RECORD SET –
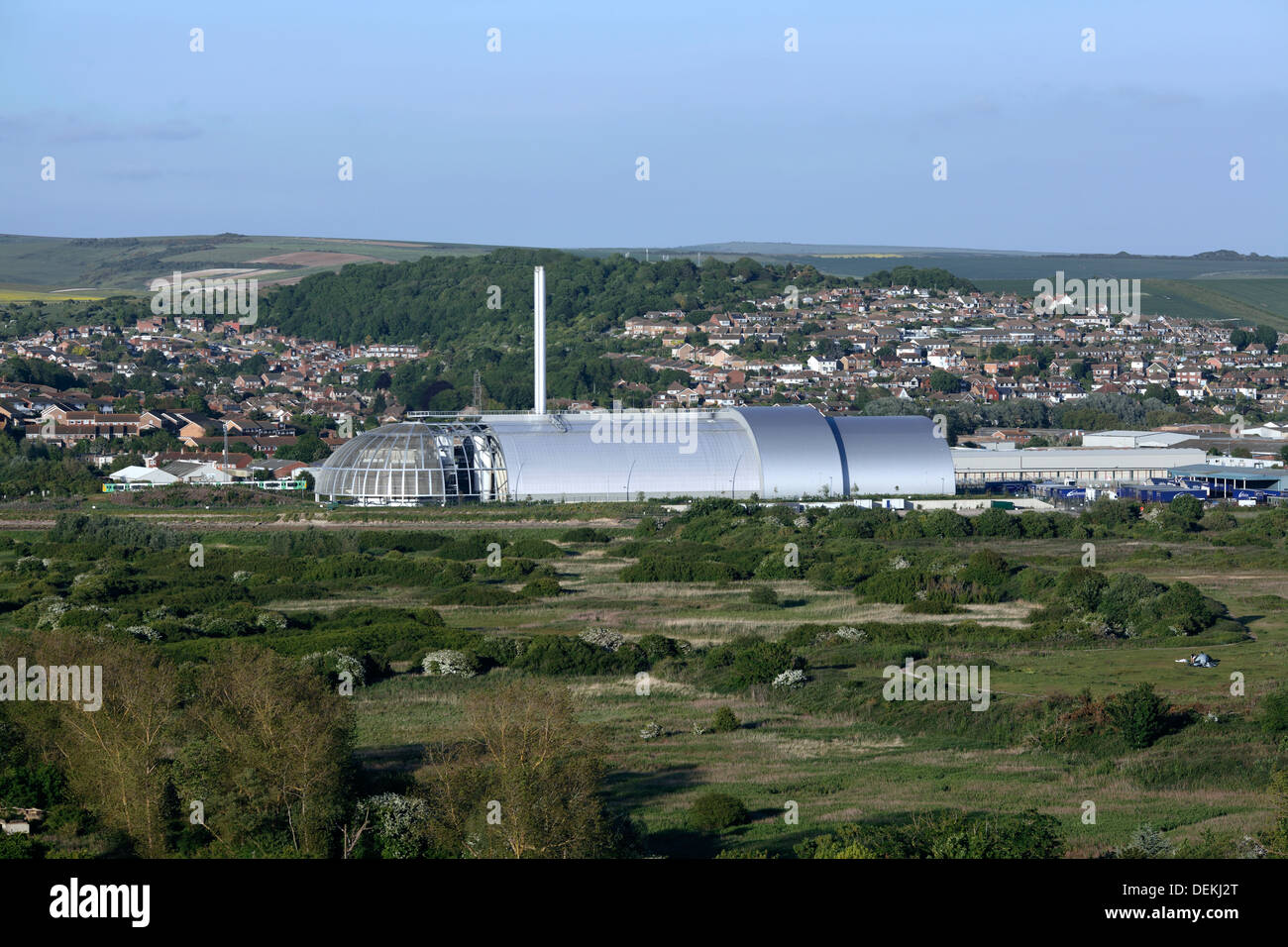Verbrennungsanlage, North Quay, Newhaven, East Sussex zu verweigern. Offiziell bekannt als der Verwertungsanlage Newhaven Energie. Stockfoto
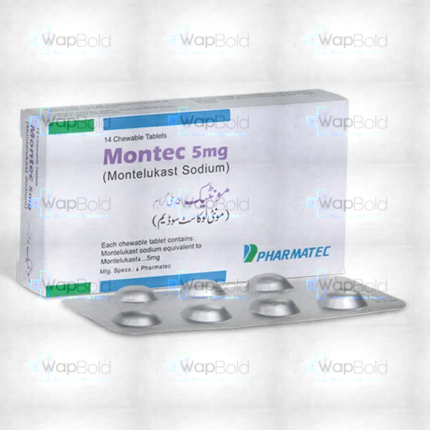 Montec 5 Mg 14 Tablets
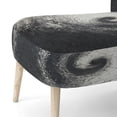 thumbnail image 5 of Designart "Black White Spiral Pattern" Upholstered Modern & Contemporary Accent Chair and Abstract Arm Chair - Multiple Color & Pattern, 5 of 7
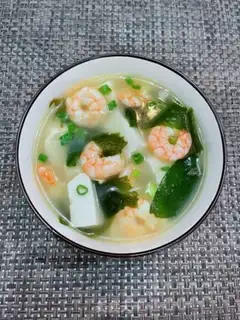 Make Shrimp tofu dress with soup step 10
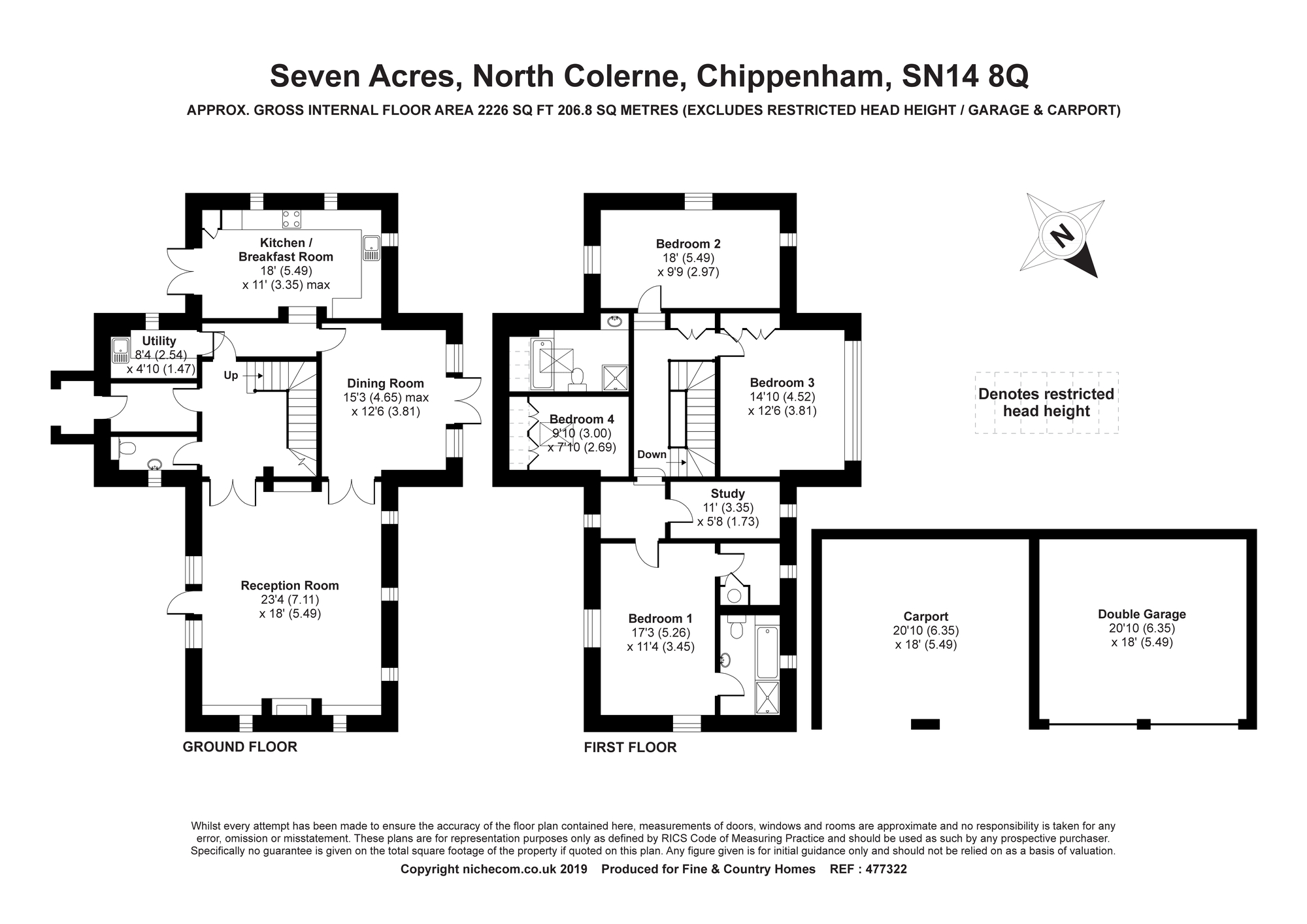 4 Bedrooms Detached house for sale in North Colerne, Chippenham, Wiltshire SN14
* * *
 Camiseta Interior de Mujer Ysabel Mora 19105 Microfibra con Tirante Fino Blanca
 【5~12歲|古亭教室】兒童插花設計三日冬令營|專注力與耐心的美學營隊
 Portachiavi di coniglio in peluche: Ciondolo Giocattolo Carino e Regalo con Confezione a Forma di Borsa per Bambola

YOUR OBJECTIVE – Everything above from the line containing "Verbrennungsanlage, North Quay, Newhaven, East" down to the line containing "4 Bedrooms Detached" is to be duplicated exactly, both lines included, and the pictures are to be omitted.

EXERCISE RESULT –
Verbrennungsanlage, North Quay, Newhaven, East Sussex zu verweigern. Offiziell bekannt als der Verwertungsanlage Newhaven Energie. Stockfoto
 Montec 5 Mg 14 Tablets
 thumbnail image 5 of Designart "Black White Spiral Pattern" Upholstered Modern & Contemporary Accent Chair and Abstract Arm Chair - Multiple Color & Pattern, 5 of 7
 Make Shrimp tofu dress with soup step 10
 4 Bedrooms Detached house for sale in North Colerne, Chippenham, Wiltshire SN14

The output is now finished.